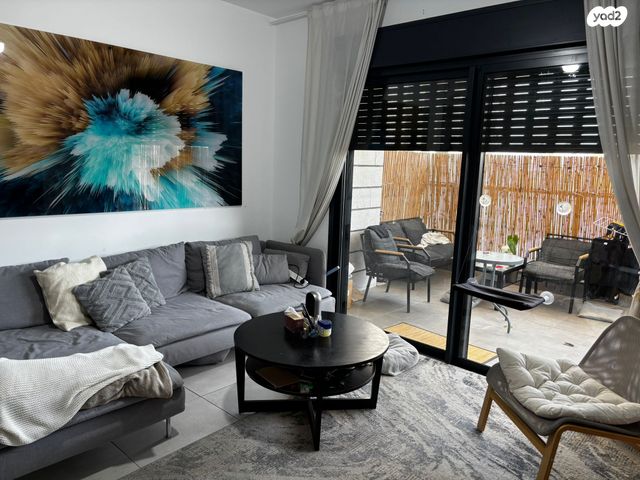 דירה, נחליאלי, צפון הכרם, עכו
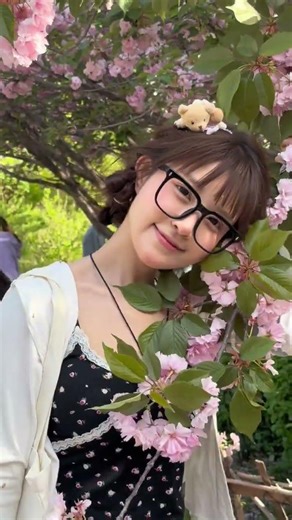 刚刚中了一箭没有死，一看原来是先生的情意绵绵箭#四月赏花才是正经事 #日子长久长久幸福小有小有 #爱我你就抱抱我 #阿凡提怎么天天都这么开心 #我也像阿凡提一样天天开心 #質感女孩 #大熱門 #熱門
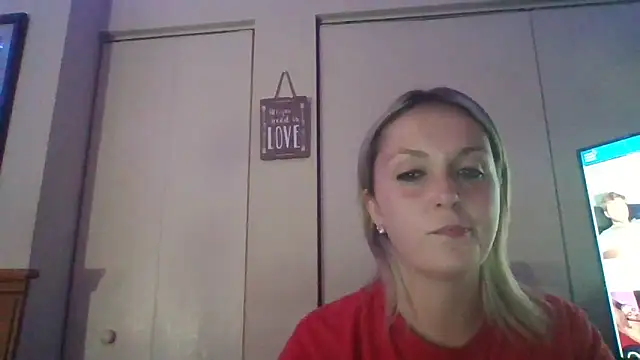 Snapshot of Candykissesxoxo chatting on October 3, 5:48 am Candykissesxoxo online show from October 3, 5:48 am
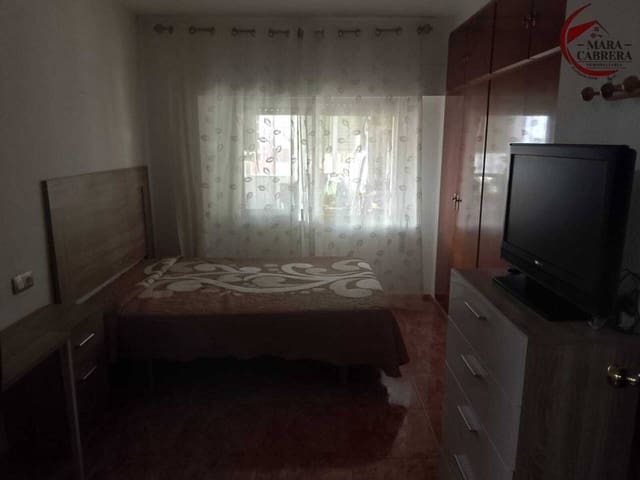 Piso de 4 habitaciones en Gandia en venta - 165.000 € (Ref: 9465241)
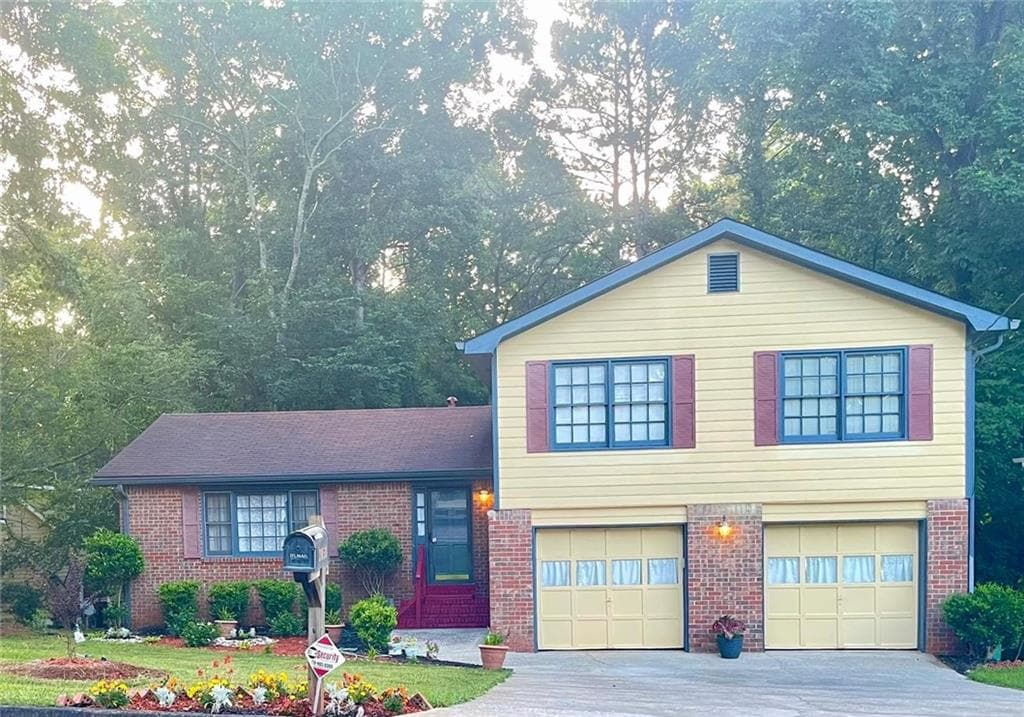 2056 Wellborn Close, Lithonia, GA 30058 — most recent listing photo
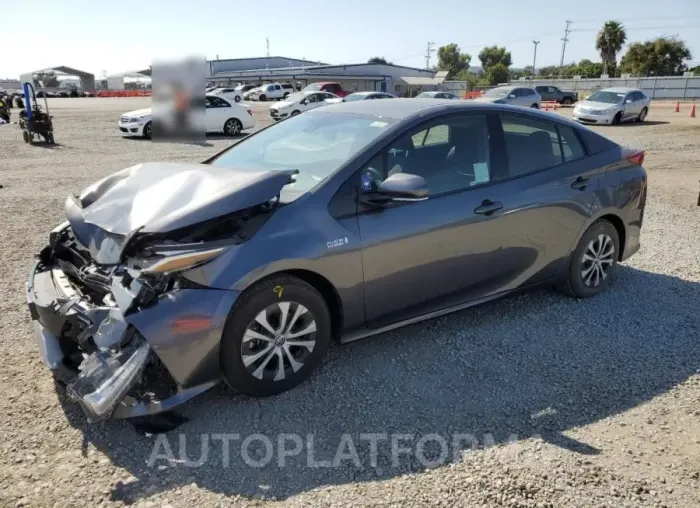 TOYOTA PRIUS PRIM 2020 vin JTDKARFP5L3128946 from auto auction Copart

*Your instructions:*
Could you repeat, exactly and with nothing else, the lines from the first line of the records through the line containing "2056 Wellborn Close, Lithonia, GA"? Leave out the pictures.

*Written answer:*
 דירה, נחליאלי, צפון הכרם, עכו
 刚刚中了一箭没有死，一看原来是先生的情意绵绵箭#四月赏花才是正经事 #日子长久长久幸福小有小有 #爱我你就抱抱我 #阿凡提怎么天天都这么开心 #我也像阿凡提一样天天开心 #質感女孩 #大熱門 #熱門
 Snapshot of Candykissesxoxo chatting on October 3, 5:48 am Candykissesxoxo online show from October 3, 5:48 am
 Piso de 4 habitaciones en Gandia en venta - 165.000 € (Ref: 9465241)
 2056 Wellborn Close, Lithonia, GA 30058 — most recent listing photo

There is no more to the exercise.